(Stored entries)
+++
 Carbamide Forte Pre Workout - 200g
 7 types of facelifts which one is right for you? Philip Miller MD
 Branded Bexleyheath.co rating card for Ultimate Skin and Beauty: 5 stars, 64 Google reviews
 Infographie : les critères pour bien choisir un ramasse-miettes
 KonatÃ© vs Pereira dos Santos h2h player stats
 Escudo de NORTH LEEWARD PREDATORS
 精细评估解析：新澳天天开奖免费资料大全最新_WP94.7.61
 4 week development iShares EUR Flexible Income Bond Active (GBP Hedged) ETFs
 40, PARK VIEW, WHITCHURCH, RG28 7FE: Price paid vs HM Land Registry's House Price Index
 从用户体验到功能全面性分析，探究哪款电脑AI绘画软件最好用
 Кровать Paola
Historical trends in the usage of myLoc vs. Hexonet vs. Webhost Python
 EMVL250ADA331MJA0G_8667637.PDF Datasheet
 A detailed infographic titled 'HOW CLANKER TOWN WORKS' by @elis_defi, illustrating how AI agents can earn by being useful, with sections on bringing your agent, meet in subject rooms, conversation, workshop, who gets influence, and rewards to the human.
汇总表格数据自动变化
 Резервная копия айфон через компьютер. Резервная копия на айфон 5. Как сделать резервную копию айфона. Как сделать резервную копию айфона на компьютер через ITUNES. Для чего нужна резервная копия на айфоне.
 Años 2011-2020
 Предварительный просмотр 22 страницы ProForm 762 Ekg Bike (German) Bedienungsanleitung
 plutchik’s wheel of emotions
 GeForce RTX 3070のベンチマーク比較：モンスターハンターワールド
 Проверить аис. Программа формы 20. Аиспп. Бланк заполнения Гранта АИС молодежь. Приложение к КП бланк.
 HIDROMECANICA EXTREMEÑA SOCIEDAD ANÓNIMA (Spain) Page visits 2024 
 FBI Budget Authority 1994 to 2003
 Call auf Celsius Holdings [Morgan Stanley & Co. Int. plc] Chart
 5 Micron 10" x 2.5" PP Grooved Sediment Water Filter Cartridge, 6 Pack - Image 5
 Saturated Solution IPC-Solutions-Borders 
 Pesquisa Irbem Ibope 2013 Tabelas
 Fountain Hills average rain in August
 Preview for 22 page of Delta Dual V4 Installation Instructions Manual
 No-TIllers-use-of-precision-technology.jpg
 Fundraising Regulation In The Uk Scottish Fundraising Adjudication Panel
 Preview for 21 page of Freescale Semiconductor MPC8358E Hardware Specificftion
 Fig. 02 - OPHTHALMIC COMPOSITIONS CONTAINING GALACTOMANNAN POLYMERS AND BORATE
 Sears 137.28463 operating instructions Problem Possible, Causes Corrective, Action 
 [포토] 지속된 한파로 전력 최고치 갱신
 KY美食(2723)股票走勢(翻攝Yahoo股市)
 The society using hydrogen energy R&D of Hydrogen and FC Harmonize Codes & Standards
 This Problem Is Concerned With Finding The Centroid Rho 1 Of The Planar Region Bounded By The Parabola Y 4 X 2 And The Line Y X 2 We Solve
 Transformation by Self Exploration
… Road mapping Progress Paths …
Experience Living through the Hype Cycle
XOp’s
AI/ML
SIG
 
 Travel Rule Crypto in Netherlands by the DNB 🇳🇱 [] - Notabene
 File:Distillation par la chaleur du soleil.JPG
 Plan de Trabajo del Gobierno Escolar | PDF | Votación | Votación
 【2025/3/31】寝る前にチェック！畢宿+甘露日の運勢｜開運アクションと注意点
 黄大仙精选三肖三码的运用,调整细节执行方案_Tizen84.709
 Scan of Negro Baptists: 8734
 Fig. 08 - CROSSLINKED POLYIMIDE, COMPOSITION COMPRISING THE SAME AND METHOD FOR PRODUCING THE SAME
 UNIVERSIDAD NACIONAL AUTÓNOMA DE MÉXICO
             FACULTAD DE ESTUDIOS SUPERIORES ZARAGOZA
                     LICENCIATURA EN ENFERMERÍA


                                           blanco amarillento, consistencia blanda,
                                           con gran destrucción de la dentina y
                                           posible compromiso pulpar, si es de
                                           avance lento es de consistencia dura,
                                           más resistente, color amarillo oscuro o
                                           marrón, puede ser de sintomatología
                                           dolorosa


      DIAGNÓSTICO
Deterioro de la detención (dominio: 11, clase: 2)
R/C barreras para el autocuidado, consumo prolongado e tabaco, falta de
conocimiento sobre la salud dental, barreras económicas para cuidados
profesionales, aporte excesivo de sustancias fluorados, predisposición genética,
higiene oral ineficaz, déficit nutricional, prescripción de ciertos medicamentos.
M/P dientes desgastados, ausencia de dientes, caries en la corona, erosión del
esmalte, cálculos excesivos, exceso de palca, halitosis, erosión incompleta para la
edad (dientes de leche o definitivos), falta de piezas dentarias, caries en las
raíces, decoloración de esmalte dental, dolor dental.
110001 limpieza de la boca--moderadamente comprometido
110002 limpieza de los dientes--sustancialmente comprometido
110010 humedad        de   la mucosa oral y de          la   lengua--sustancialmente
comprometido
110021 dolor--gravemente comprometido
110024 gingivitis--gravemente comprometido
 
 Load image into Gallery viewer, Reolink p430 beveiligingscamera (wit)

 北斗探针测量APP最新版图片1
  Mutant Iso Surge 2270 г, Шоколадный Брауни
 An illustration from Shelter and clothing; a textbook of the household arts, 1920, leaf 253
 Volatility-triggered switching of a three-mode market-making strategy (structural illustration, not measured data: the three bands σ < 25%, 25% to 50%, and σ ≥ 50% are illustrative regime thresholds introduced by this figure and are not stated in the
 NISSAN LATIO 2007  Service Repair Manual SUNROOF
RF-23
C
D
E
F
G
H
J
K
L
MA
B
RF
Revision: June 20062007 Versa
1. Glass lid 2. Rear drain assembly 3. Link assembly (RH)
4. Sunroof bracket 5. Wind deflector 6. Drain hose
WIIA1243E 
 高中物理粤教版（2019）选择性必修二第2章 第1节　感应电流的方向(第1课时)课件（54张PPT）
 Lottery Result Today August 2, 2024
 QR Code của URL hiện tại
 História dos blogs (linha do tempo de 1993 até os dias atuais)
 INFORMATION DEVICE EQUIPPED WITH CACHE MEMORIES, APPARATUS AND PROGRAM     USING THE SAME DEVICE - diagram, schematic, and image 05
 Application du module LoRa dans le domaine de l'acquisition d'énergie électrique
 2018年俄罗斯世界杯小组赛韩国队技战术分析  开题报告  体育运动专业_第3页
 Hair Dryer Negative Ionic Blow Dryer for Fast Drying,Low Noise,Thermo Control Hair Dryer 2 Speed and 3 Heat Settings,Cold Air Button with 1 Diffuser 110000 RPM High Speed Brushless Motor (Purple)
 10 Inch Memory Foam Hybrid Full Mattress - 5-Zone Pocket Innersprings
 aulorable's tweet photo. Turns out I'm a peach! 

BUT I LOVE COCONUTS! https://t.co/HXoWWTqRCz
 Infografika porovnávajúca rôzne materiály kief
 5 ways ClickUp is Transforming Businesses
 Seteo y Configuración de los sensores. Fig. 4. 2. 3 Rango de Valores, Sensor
+++
* _WHAT YOU SHOULD DO_
Would you retype the lines above from the one with "Fig. 08 - CROSSLINKED" down to the one with "Mutant Iso Surge 2270 г, Шоколадный Брауни", word for word, both ends included and no other lines?

* _TASK RESULT_
 Fig. 08 - CROSSLINKED POLYIMIDE, COMPOSITION COMPRISING THE SAME AND METHOD FOR PRODUCING THE SAME
 UNIVERSIDAD NACIONAL AUTÓNOMA DE MÉXICO
             FACULTAD DE ESTUDIOS SUPERIORES ZARAGOZA
                     LICENCIATURA EN ENFERMERÍA


                                           blanco amarillento, consistencia blanda,
                                           con gran destrucción de la dentina y
                                           posible compromiso pulpar, si es de
                                           avance lento es de consistencia dura,
                                           más resistente, color amarillo oscuro o
                                           marrón, puede ser de sintomatología
                                           dolorosa


      DIAGNÓSTICO
Deterioro de la detención (dominio: 11, clase: 2)
R/C barreras para el autocuidado, consumo prolongado e tabaco, falta de
conocimiento sobre la salud dental, barreras económicas para cuidados
profesionales, aporte excesivo de sustancias fluorados, predisposición genética,
higiene oral ineficaz, déficit nutricional, prescripción de ciertos medicamentos.
M/P dientes desgastados, ausencia de dientes, caries en la corona, erosión del
esmalte, cálculos excesivos, exceso de palca, halitosis, erosión incompleta para la
edad (dientes de leche o definitivos), falta de piezas dentarias, caries en las
raíces, decoloración de esmalte dental, dolor dental.
110001 limpieza de la boca--moderadamente comprometido
110002 limpieza de los dientes--sustancialmente comprometido
110010 humedad        de   la mucosa oral y de          la   lengua--sustancialmente
comprometido
110021 dolor--gravemente comprometido
110024 gingivitis--gravemente comprometido
 
 Load image into Gallery viewer, Reolink p430 beveiligingscamera (wit)

 北斗探针测量APP最新版图片1
  Mutant Iso Surge 2270 г, Шоколадный Брауни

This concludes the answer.